Erik’s Note: I recently composed this for my personal blog, Paperback Flash, but I figured it would also be interesting to readers of the official Planet Stories blog, since it’s about one of the most important books of one of our most important writers, C. L. Moore. Enjoy!
Catherine Lucille Moore (1911 – 1987) was one of the finest fantasy and science fiction writers of the Pulp Era, contributing two characters of historical significance in the form of Jirel of Joiry, the first female sword & sorcery protagonist and Northwest Smith, a spacefaring scoundrel who very likely served as a template for Han Solo and Indiana Jones. Later, her collaborations with husband Henry Kuttner (often published under the byline Lewis Padgett) would go on to become bedrock classics of the genre. Moore is a member of the Science Fiction Hall of Fame, and her status as one of the grand masters of the pulps is a given.
I particularly enjoy her writing, which my friend Kenneth Hite once described as “Clark Ashton Smith on Cialis.” When I first encountered her lushly described, vivid prose, I immediately thought of H. P. Lovecraft and Clark Ashton Smith, though my reading in the last few years has traced this influence even farther back to Abraham Merritt, the giant of the early 20th century whose The Moon Pool and The Ship of Ishtar (among others) cast looming shadows over the Pulp Era. Moore’s use of language and many of her themes are perhaps best described as “Merrittesque,” though her stories often involve a sensual, in some cases barely disguised sexual element that makes them stand out from many of their staid contemporaries in the Pulp Era. Though her influences are clear, C. L. Moore is very much her own writer, and a great one at that.
Here’s an example of her writing style, in this case describing a gown specially designed for the lead character of Judgment Night, Juille, the heir to a powerful galactic empire in the days leading to its inevitable fall:
The best dress designer on Cyrille seemed to be a soft-voiced, willowy woman with the pink skin and narrow, bright eyes of a race that occupied three planets circling a sun far across the outskirts of the Galaxy. She exuded impersonal deftness. One felt that she saw no faces here, was aware of no personalities. She came into the room with a smooth, silent aloofness, her eyes lowered.
But she was not servile. In her own way the woman was a great artist, and commanded her due of respect.
The composition of the new gown took place before the mirrored alcove that opened from the bedroom.

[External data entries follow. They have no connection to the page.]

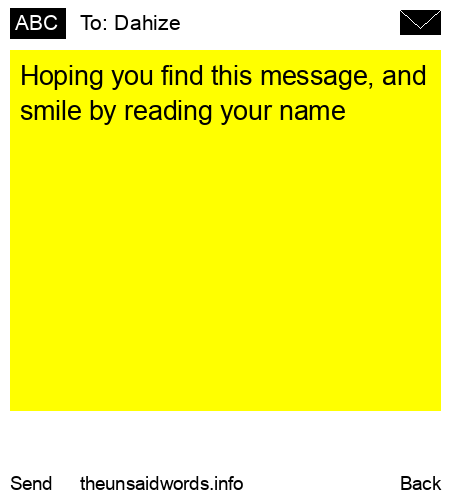 unsent message to Dahize
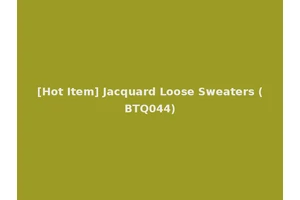 [Hot Item] Jacquard Loose Sweaters (BTQ044)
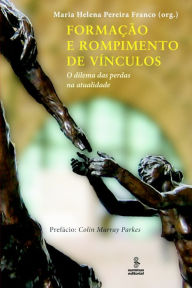 Title: Formação e rompimento de vínculos: O dilema das perdas na atualidade, Author: Maria Helena Pereira Franco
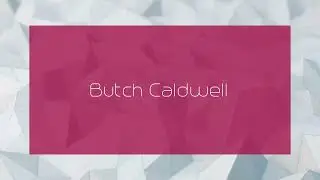 Butch Caldwell - appearance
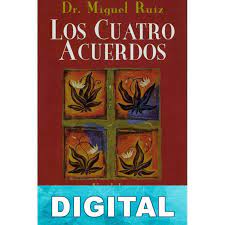 Habla de la domesticación de los seres humanos. Los Cuatro Acuerdos Libro Pdf Epub O Mobi Kindle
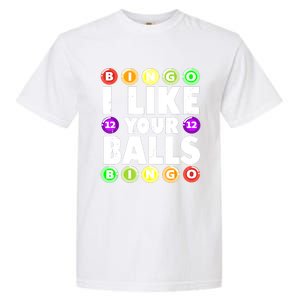 Funny I Like Your Balls Bingo Gambling Women Mothers Day Garment-Dyed Heavyweight T-Shirt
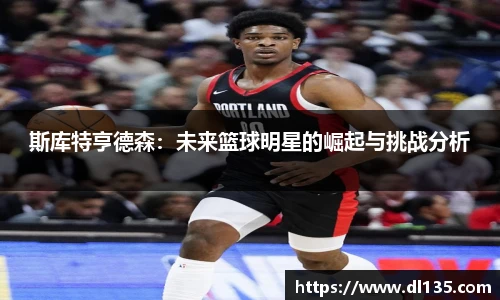 斯库特亨德森：未来篮球明星的崛起与挑战分析
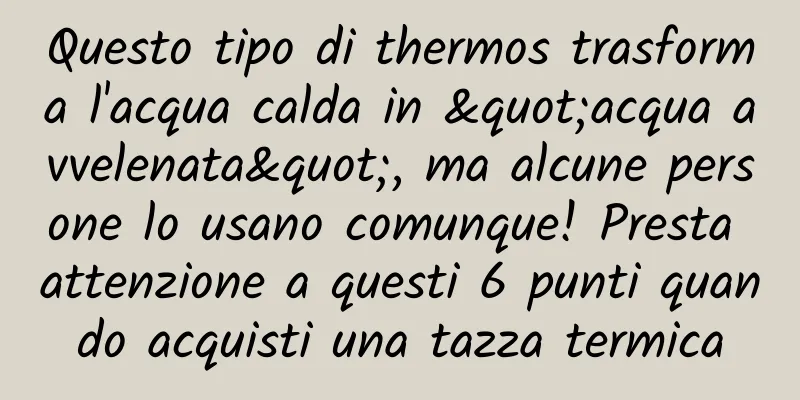 Questo tipo di thermos trasforma l'acqua calda in "acqua avvelenata", ma alcune persone lo usano comunque! Presta attenzione a questi 6 punti quando acquisti una tazza termica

Helia, her jaw set like a rock, stripped off the smart military uniform which her mistress was wearing, the spurred boots, the weapons, the shining helmet. From beneath it a shower of dark-gold hair descended. Juille stood impassive under the measuring eyes of the newcomer, her hair clouding upon her shoulders.

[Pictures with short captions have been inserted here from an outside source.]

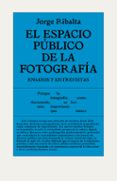 EL ESPACIO PUBLICO DE LA FOTOGRAFIA: ENSAYOS Y ENTREVISTAS de RIBALTA, JORGE 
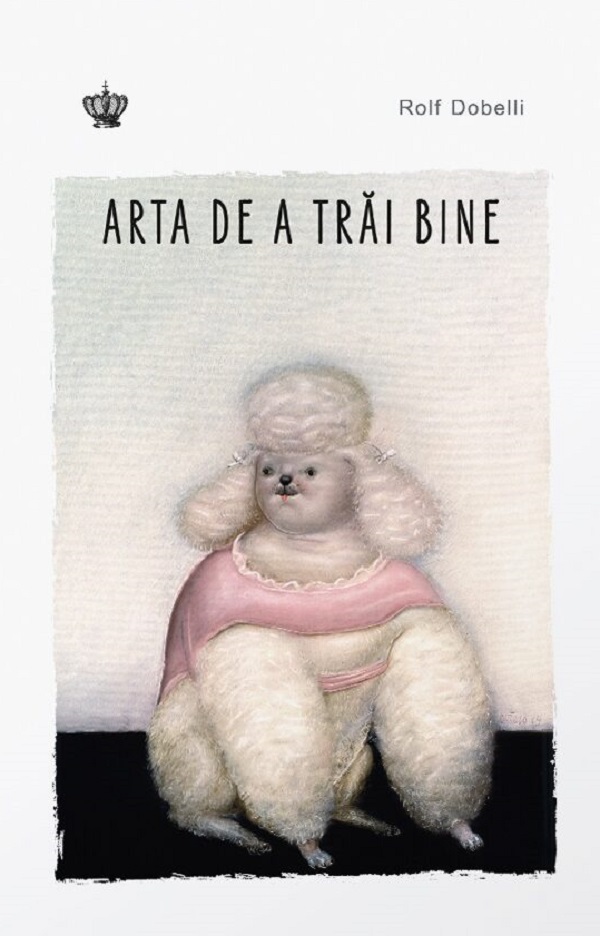 Arta de a trai bine - Rolf Dobelli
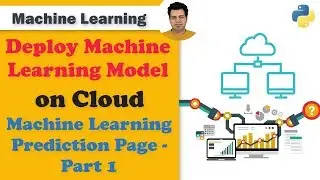 10.Deploy ML on Cloud - Flask App Machine Learning Prediction Page Part 1 | Deploy ML Model Flask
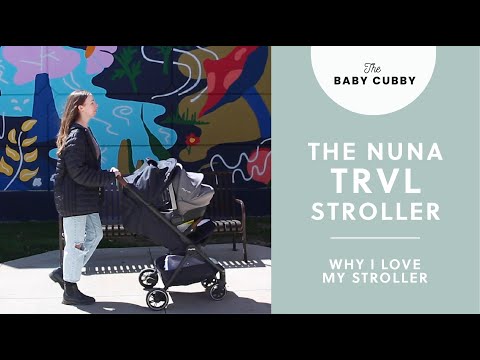 The Nuna TRVL Stroller - Why I Love My Stroller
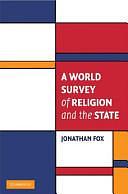 A World Survey of Religion and the State by Jonathan Fox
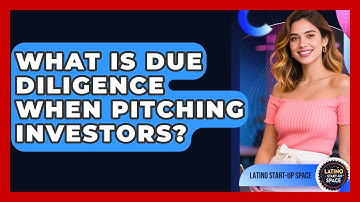 What Is Due Diligence When Pitching Investors? - Latino Start Up Space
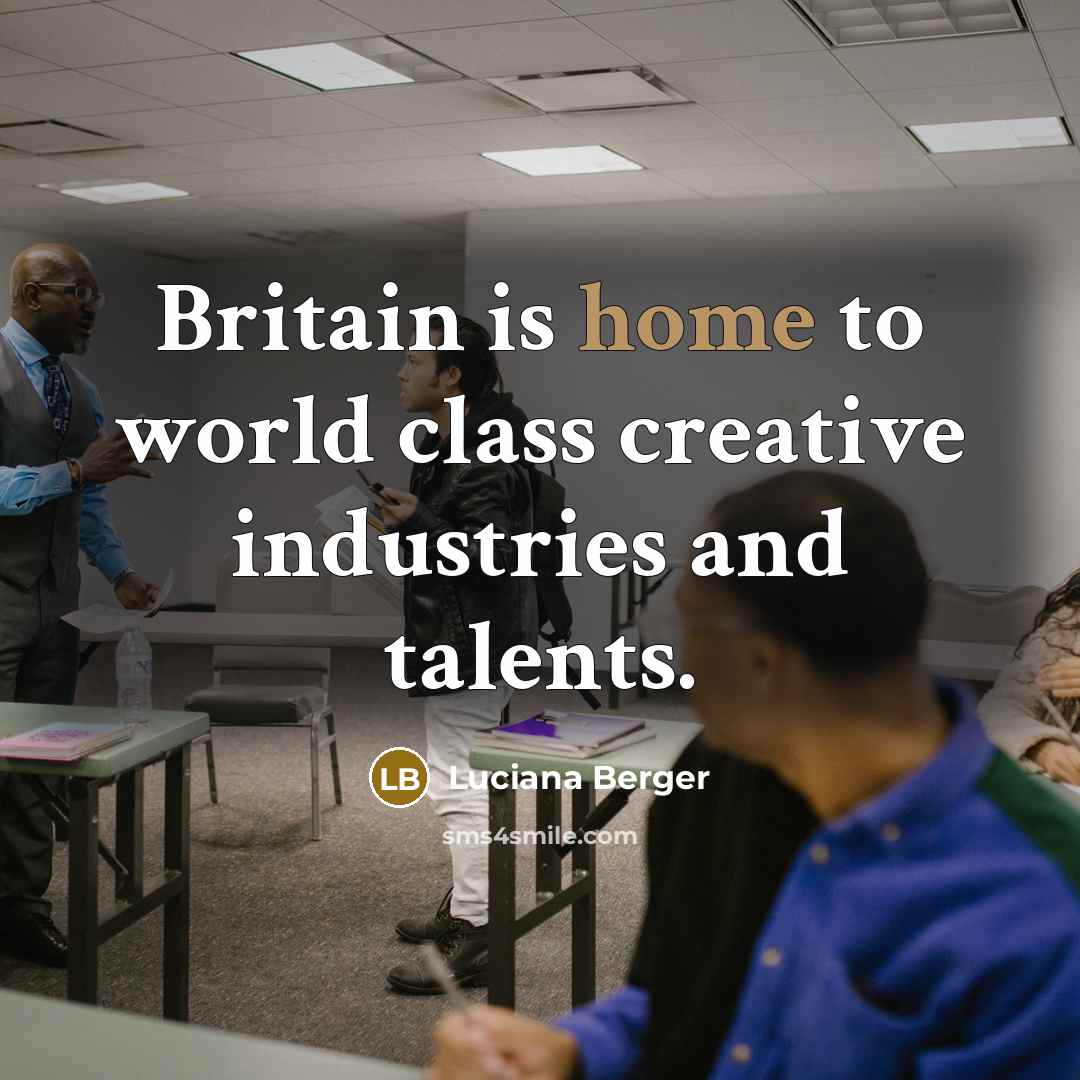 “Britain is home to world class creative industries and talents.…” quote by Luciana Berger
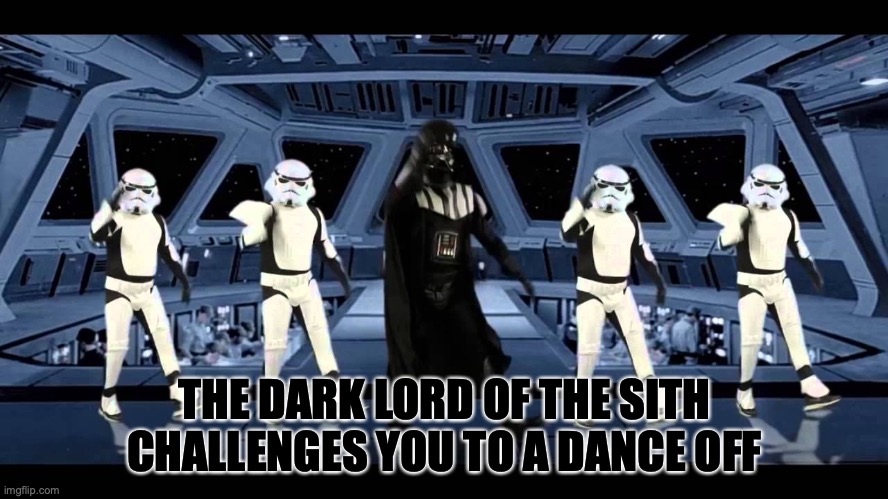 Darth Vader is in tha'house | THE DARK LORD OF THE SITH CHALLENGES YOU TO A DANCE OFF | made w/ Imgflip meme maker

Now she was no longer the sexless princeling of Lyonese. The steely delicacy was about her still, and the arrogance. But the long, fine limbs and the disciplined curves of her body had a look of waxen lifelessness as she stood waiting between the new personality and the old. She was aware of a certain embarrassed resentment, suddenly, at the step she was about to take. It was humiliating to admit by that very step that the despised femininity she had repudiated all her life should be important enough to capture now.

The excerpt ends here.